Things have been bad for as long as I can remember and yet still manage to get worse quite regularly. Astonishing really. But not in a good way.
New taxes appearing right left and centre in a desperate attempt to refill the empty state coffers with the massive twin holes in the bottom, deficit on the one side, corruption on the other. New taxes for everything, till the only thing left untaxed is thinking rich thoughts.

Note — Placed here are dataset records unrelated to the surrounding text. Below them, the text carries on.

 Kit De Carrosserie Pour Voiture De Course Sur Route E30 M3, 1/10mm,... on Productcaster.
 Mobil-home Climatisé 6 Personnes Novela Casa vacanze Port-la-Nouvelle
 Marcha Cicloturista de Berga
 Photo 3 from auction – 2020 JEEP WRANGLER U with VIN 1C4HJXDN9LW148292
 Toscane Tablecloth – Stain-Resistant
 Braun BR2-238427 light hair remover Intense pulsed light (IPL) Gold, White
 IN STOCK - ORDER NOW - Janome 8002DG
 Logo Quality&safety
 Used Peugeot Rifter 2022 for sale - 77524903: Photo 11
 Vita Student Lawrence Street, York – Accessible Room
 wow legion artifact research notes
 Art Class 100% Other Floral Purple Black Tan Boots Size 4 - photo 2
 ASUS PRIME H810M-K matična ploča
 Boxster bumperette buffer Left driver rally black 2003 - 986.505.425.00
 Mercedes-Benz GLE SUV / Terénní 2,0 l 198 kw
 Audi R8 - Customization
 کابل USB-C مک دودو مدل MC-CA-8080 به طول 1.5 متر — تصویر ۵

And if anyone else is reminded of the Sheriff of Nottingham, let me know, because I can't get the story out of my head.
So what is to be done?
There are no jobs and those that exist are tragically underpaid.
Unless you have one of the government or party-related cushy jobs in which case you are not lucky, you are simply part of the problem.
There is no infrastructure, no growth, no fiscal policy.
There is little hope, limited enterprise, no silver lining.
Corruption in government and business alike. Venality. Paternalism.
Violence on the streets, sex on TV.
People living at home till they are 40 and using their meagre salaries as lavish allowances – what is not enough to live on becomes excellent pocket money when all it needs to buy you is over-priced coffees and the latest mobile phone.
Something's gotta give.
The parents who will eventually need to retire, the adults that will eventually need to stand on their own two feet, the flimsy bridge between soaring prices and plummeting salaries.
Something's gotta give.
Will it be riots again? Will it be the EU and the IMF stepping in and sorting us out? Will it be a Christmas miracle like in the movies? I know not.
I know not and, I confess, that for the next few days I will seriously try to care not.
I'll keep my head down and try not to think about any of this. I'll use my euros – bought with pounds that I have earned by myself, living in a home I am paying for myself, sustained by goods and services I am paying for myself through a job that, if nothing else, allows me to be financially independent as people my age should be. Paying predictable, if high, taxes. Living with occasional annoyance but not with despair. That's right. Living away from Greece and only visiting occasionally. As I will tomorrow.
And I'll use my euros to pay for over-priced coffees and exorbitantly priced glasses of local wine. I'll look at the Christmas tree and not the TV screen. I'll read a good novel and not the newspaper.
I'm going home, damn it.
I am going home, not to the crisis, not the crumbling state and social entropy. Not to the violence and the despair. Not even to the hope of a new start.
I am going home to my mum and like so many Greeks before me, I am leaving reality at her doorstep and cocooning myself for a few days. Only for a few days. Then I'll be back to being an adult, a worker, an analyst, a political animal. But not now.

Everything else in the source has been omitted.